EARL SANDE
By Earl Sande
My dad and mom bought their first 40 acres in 1960 near Tahuya for $1600. Forty bucks an acre was the going price for raw land back in those days. That put him immediately in the part time wholesale Christmas tree business and gave him something to do almost every Sunday of the year.
My sister Eileen and I were usually part of that action.
I think this also gave him a good excuse not to clean the garage or do much yard work, but more importantly it was a good mental release from the pressures of helping run Sande Boat Works along with my uncle and grandfather.
My dad bought another 40 acres in 1968 near Toonerville between Belfair and Dewatto. At the time I thought he was nuts for paying $24,000 for it. But it had been in Christmas tree production for years and was owned by long time Belfair business man Sam Theler, who died that year.
For the next three years, I spent most Sundays working in the trees with my dad. By my senior year in high school I had more important things to do like playing football, girls and drinking beer with my friends.
In the 1970s, my dad sold the first 40 acres and after the family sold Sande Boat Works in Belfair in 1975, he then went into the Christmas tree business fulltime and even had his own tree lot near Tacoma every December.
In the late 1990s, dad retired from the Christmas tree business and turned the 40 acres into timber production. Dad and his helper Pete spent several years cutting down hundreds of trees to make room for others to grow big and tall. It was now up to the remaining trees to do their own thing and just grow!
Mom and dad moved to Republic, WA. and then dad died in 2007 and the 40 was really on its own. In 2011 I decided the 40 had been on its own long enough. My goal was to make the 40 the best looking timber land around.
My first trip there to see what I was up against was a little overwhelming. The trees had grown tall and thick with the limbs stating about four feet off the ground and I couldn’t see more than 50 feet anywhere.
The first thing I wanted to know was exactly where the property lines were. The 5,000 acres that surrounds the 40 was owned by a Christmas tree company that let their trees grow into timber 20 some years ago. They had surveyed the lines in the year 2000 so they were easy to see. I knew eventually the telltale signs of the survey would disappear, so I drove a six-foot metal fence post into the ground every 100 feet around the entire property.
The next thing was to buy the best hand pruning saws and clippers.

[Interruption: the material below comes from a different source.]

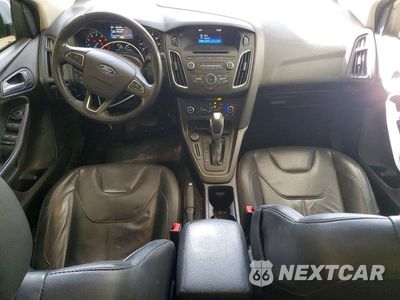 Zdjęcie 8 z 12 samochodu: 2016 FORD FOCUS SE VIN:1FADP3K20GL206057 - miniatura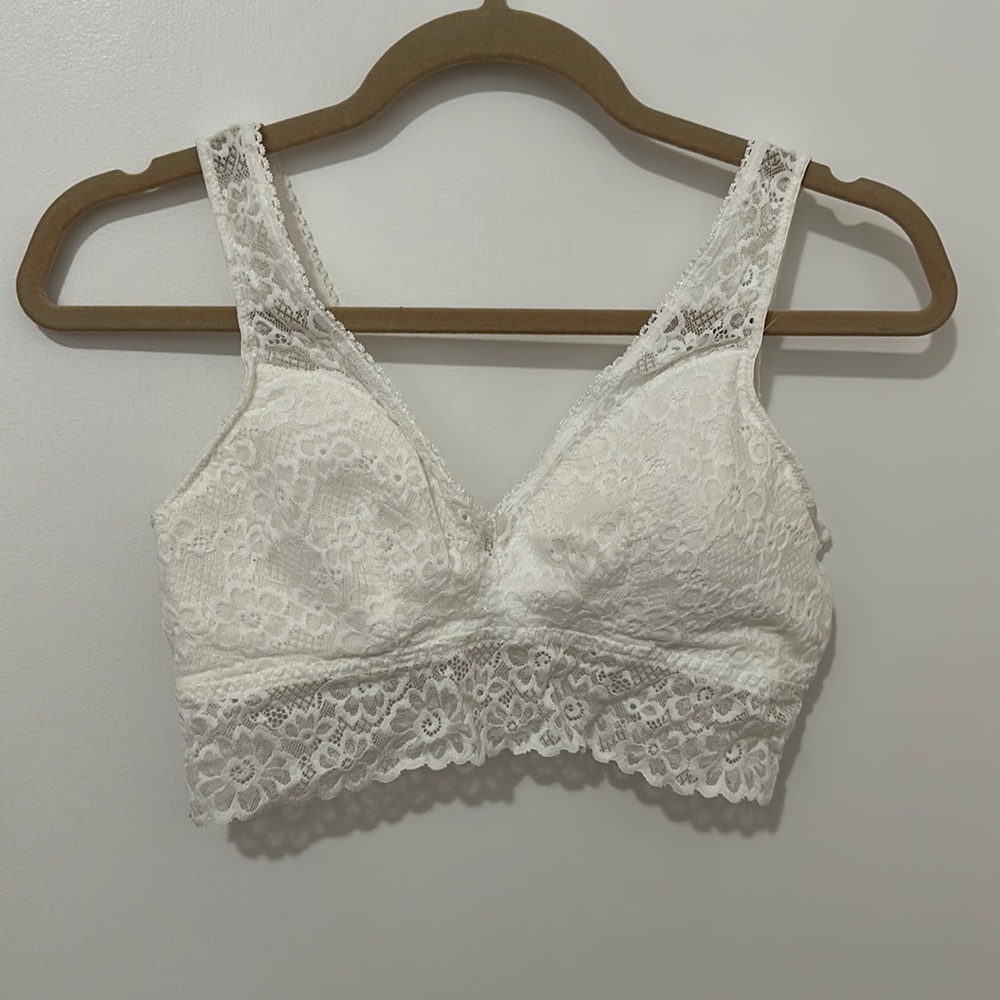 White V neck lace bralette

It didn’t take long to figure out that Stihl products were the best made for commercial use. I bought two hand saws that extend out 20 feet with 16 inch saw blades that snap on.
With my feet on the ground I could neatly cut the limbs off to about 27 feet high. I soon discovered that a good hard hat is a must for working in the woods against falling trees and limbs.
Five years into the project, I’ve cut the lower branches off about 8,000 trees. Many of them I have cut up to 27 feet.
The 40 looks a lot different now. Doing this kind of work has many benefits for a healthy forest. Ten years after removing the lower limbs, the trees grow over the cut off limbs making the first log sealed and is considered clear lumber for better quality and price.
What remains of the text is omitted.